This shows the obscuring ridge is 19.7 to 20 miles away, at an elevation of 390 to 476 feet.

Using Google Earth, meanwhile, shows that the obscuring ridge on a flat earth model would be one either 56 or 87.9 miles away:

san jac profile.jpg


Entering these figures into my obscuration calculator, I get the following:

upload_2018-12-31_13-32-55.png


Some notes about the above:
  • The predicted visible amount for the sphere earth is based on the height of the ridge directly beneath the peak. 2350 feet tallies pretty nicely with what we see on peakfinder and in reality.
  • There are different figures for the target landmark because the line of sight hits the main body of the mountain in different places depending on the model, as can be seen in the elevation profile above.
  • I noted two different ridges that could be obscuring the flat earth view.
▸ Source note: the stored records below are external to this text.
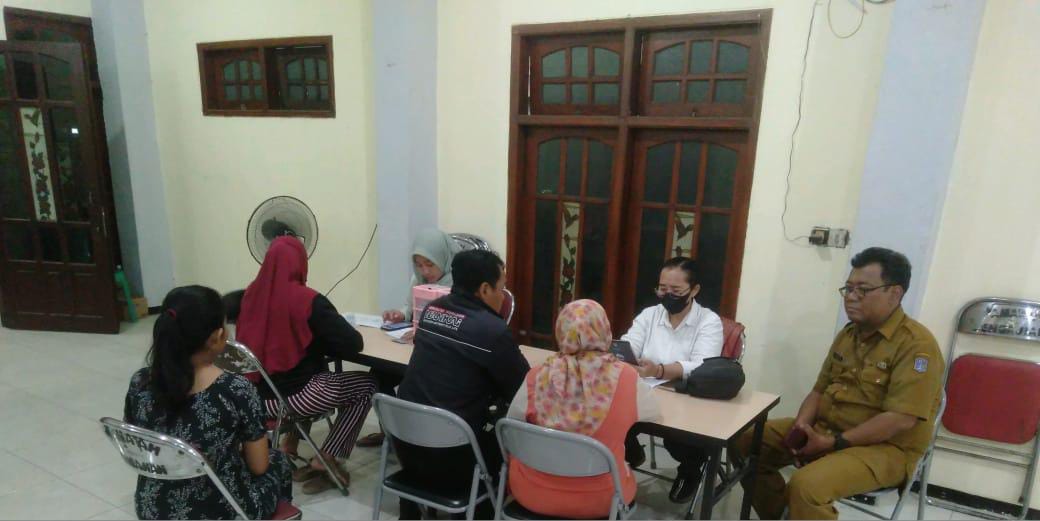 Pelayanan Adminduk di Surabaya Cukup di Balai RW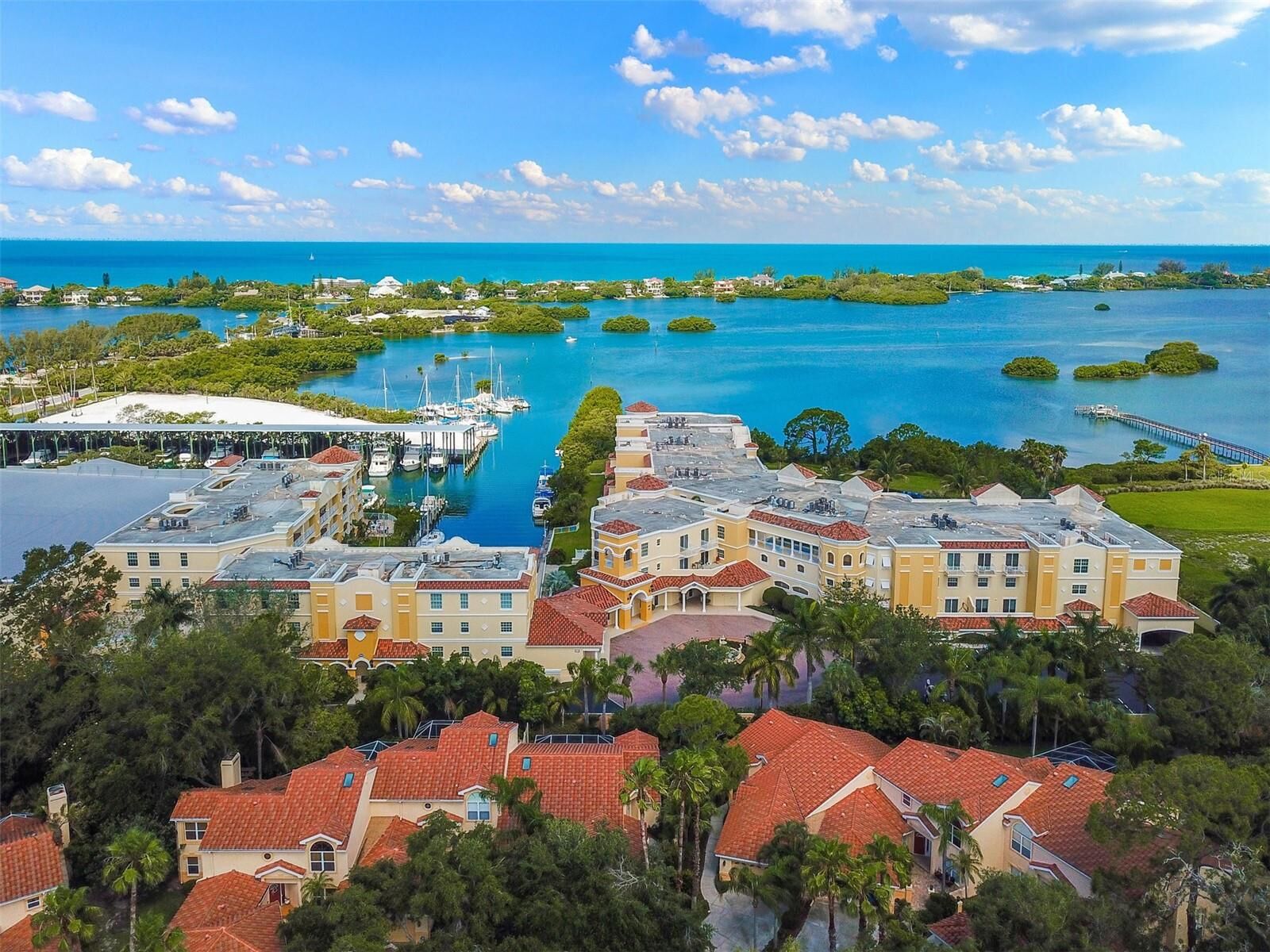 Property Photo:  14041 Bellagio Way 214  FL 34229 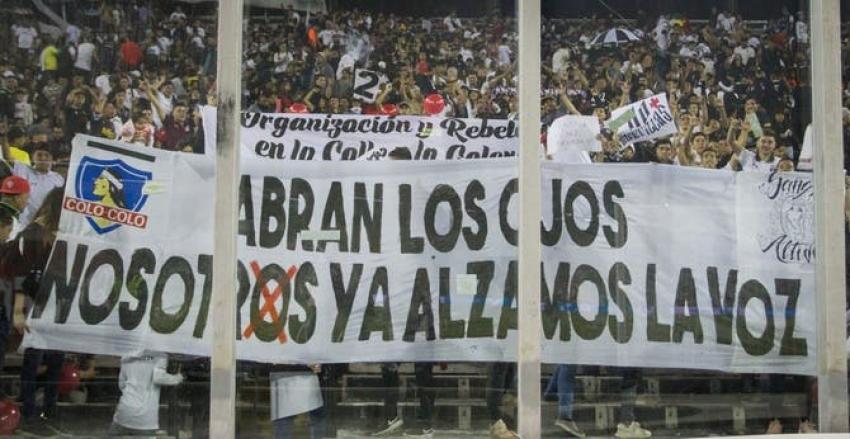 Hinchas se manifestaron contra el machismo en el partido de Colo Colo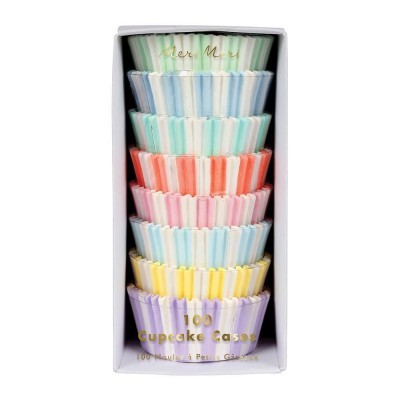 Caixa branca com 100 formas de cupcake em cores pastel empilhadas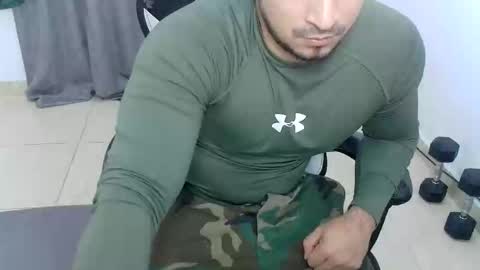 andres180950734 online show from 02-06-26, 11:30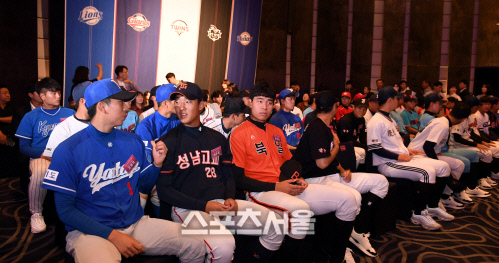 [포토] 2020 KBO 신인드래프트, 이야기 꽃 피우는 1차지명 오원석-이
The other ridge returns 8085 feet; basically the same.
  • I haven't done the more complex trig which factors in for the tilt. The reason I can't just use the same formula for the Pikes Peak shot is because that one had an obstruction and target below horizontal, and in this one they're both above horizontal. Slightly different formula, and it would take a quite a bit of work to rejig the equation - it's nearly four lines long! Given that the last one returned only a 0.3% difference, I think I can be happy enough with the more basic calculation.
I also found another nice shot of much more of San Jacinto, taken from Lake Mathews, which is about 40 miles from the mountain, and 3 miles south of the line of sight:

mt jacinto5.jpg

Source: https://www.flickr.com/photos/clarence_w/2442230154/

The black box shows the portion photographed in JTolan's image.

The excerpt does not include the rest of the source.